Program Historia Mówiona realizowany jest w Ośrodku „Brama Grodzka – Teatr NN” od 1998 roku. Polega on na rejestrowaniu, opracowywaniu oraz upowszechnianiu relacji mówionych dotyczących Lublina i Lubelszczyzny od dwudziestolecia międzywojennego do czasów współczesnych.

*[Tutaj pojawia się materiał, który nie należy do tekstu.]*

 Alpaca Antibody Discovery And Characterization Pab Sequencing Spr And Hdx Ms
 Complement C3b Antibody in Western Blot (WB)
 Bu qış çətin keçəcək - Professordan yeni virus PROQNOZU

Program Historia Mówiona realizowany jest w Ośrodku „Brama Grodzka – Teatr NN” od 1998 roku. Polega on na rejestrowaniu, opracowywaniu oraz upowszechnianiu relacji mówionych dotyczących Lublina i Lubelszczyzny od dwudziestolecia międzywojennego do czasów współczesnych.

Teatr NN

Ojciec był koniarz - Leokadia Dąbczak - fragment relacji świadka historii z 25 kwietnia 2018

W 1939 roku ojciec poszedł na wojnę - no i ta żyłka kawalerzysty została u niego.

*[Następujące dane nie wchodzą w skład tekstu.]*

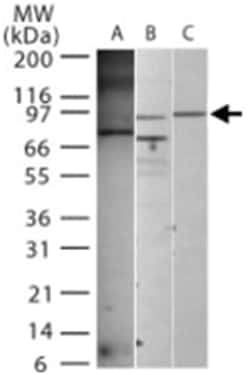 TLR4 Rabbit anti-Human, Mouse, Polyclonal Antibody, Abnova 100 &mu;g | Buy Online | Abnova | Fisher Scientific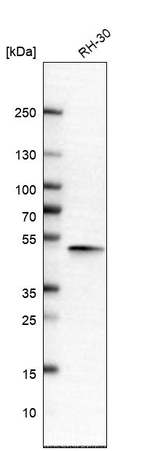 C20orf3 Antibody in Western Blot (WB)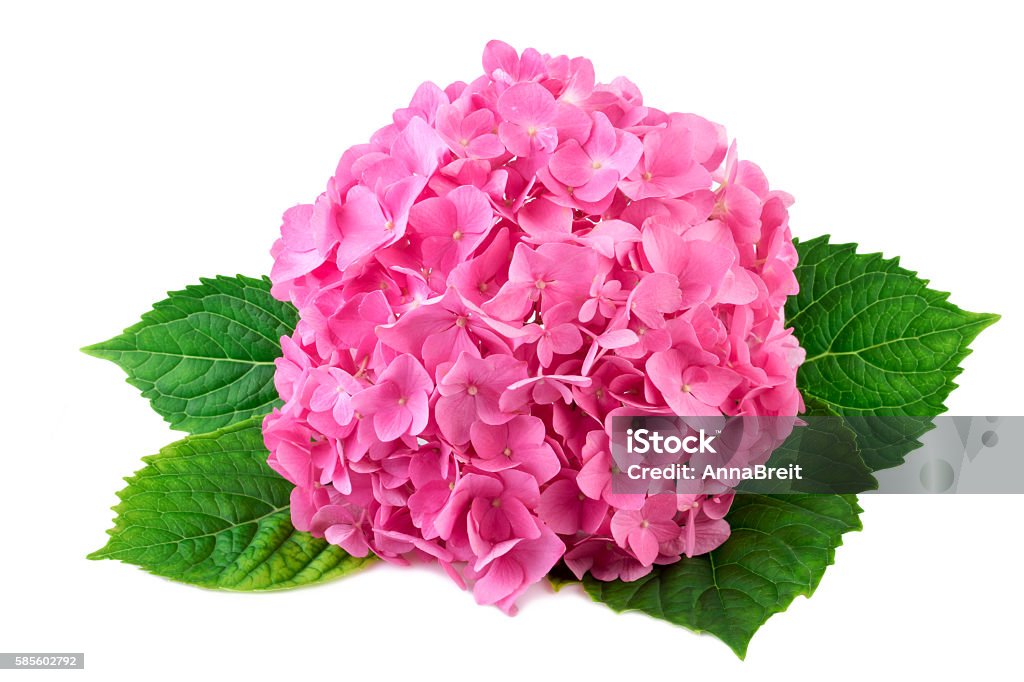 Flor Rosa Hortensia Con Hoja Verde Sobre Blanco Foto de stock y más banco de imágenes de Hortensia - Hortensia, Rosa - Color, Fondo blanco - iStock Flor Rosa Hortensia Con Hoja Verde Sobre Blanco Foto de stock y más banco de imágenes de Hortensia - Hortensia, Rosa - Color, Fondo blanco - iStock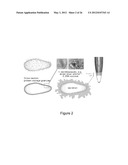 PRODUCTION OF RECOMBINANT PROTEINS IN CILIATES AND USES THEREOF diagram and image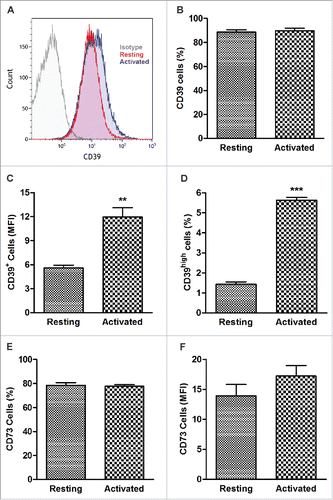 Figure 1. CD39 and CD73 expression in resting and activated human B cells. CD20+ B cells were tested by flow cytometry immediately after isolation from the peripheral blood or after 4 d of activation in the presence of IL-4 and CD40L. (A) Representative histograms illustrating upregulation of CD39 expression levels in activated B cells. Isotype control (left), resting B cells (center) and activated B cells (right). (B) Percentages of CD39+ B cells in resting and activated populations were comparable (NSD). CD39+ B cells accounted for > 90% of all cells. (C) Expression levels (Mean Fluorescence Intensity, MFI) of CD39 in resting and activated B-cells **p < 0.001. (D) Percentages of CD39high B cells in resting and activated populations. ***p < 0.0001. (E) Percentages of CD73+ B cells in resting and activated populations (NSD). (F) MFI of CD73 in resting and activated B cells. The data are mean values ± S.E.M. of five independent experiments, as determined by Student’s t-test.)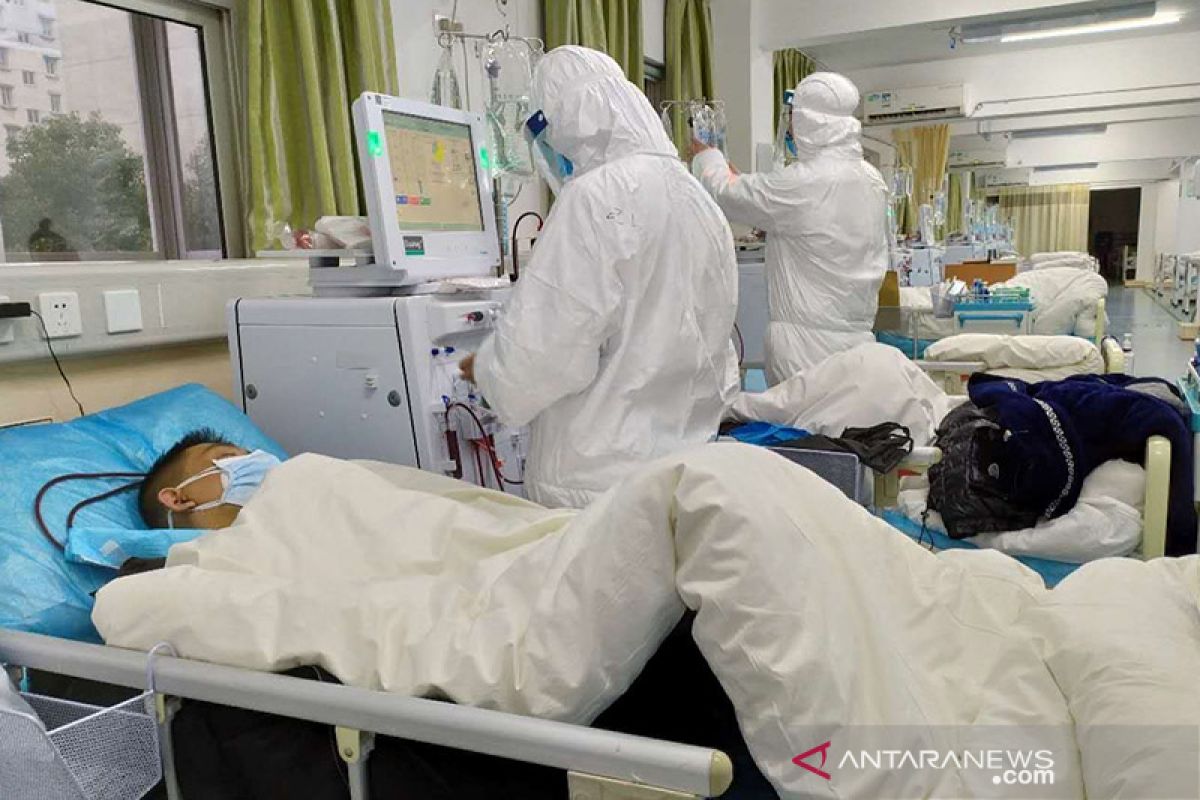 Korban Meninggal Di China Akibat Virus Corona Bertambah Jadi 41 ...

Zresztą on przed wojną też był koniarz, bo po wszystkich jarmarkach jeździł w tych okolicznych miejscowościach. W poniedziałek w Grabowcu był zawsze jarmark, koński jarmark, i ojciec jeździł. Jednego poniedziałku kupił konia, na drugi sprzedał, kupił nowego, i zawsze coś tam zarobił na tym, po prostu handlował końmi. No i w 1939 roku ten jego, nie wiem, pułk czy tam co, rozbroili, bo on był tam gdzieś na Wileńszczyźnie, i tam go rozbroili, Ruscy go rozbroili. No i ten ich dowódca –czy tam nie wiem kto –chciał się zastrzelić, bo ich ustawili, kazali im stanąć w dwuszeregu, zabrali im broń, no i ten się kręcił. Ruski się zorientował i podszedł do niego: ,,Nie nada’. I zabrał mu tą broń. No i później ich tam gonili, gdzieś ich tam prowadzili.

Ojciec uciekł z tego szeregu i nocami szedł do domu, i przyszedł do domu. No i później, jak on przyszedł do domu, to u nas stacjonowało wojsko, nasze polskie wojsko, które szło do Warszawy –tak twierdzili - że na pomoc do Warszawy. I ojciec sobie tam gdzieś kupił siodło od nich. No i to siodło na strychu było. Już pomijam to, że chcieli się dowiedzieć, czy ojciec przyszedł z tej wojny. A ojciec się ukrywał, bo się bał. No i później, za Niemców już, jak Niemcy przyszli, no to to siodło ojciec nie sprzedał, tylko go rozebrał. Tam był taki wojłok, wyściełane było to siodło. I ten wojłok nożykiem tym szewskim przecinał na połowę, i z tego były cholewy do butów, a ponieważ potrafił buty zrobić, no to robił buty tam gdzieś dla kogoś, no i sprzedał. I po wojnie chyba ktoś przyszedł, że: ,,Ty masz podobno siodło” –Żeby sprzedał siodło. A ojciec mówi, że nie ma siodła, bo siodło śmy zjedli. A ten ktoś mówi: ,,To aż taka bieda była, żeście siodło zjedli?’. A ojciec mówi: ,,Nie zjedliśmy siodła’. –tylko ojciec zhandlował, buty zrobił, żeby tam kupił za to kartofle czy coś.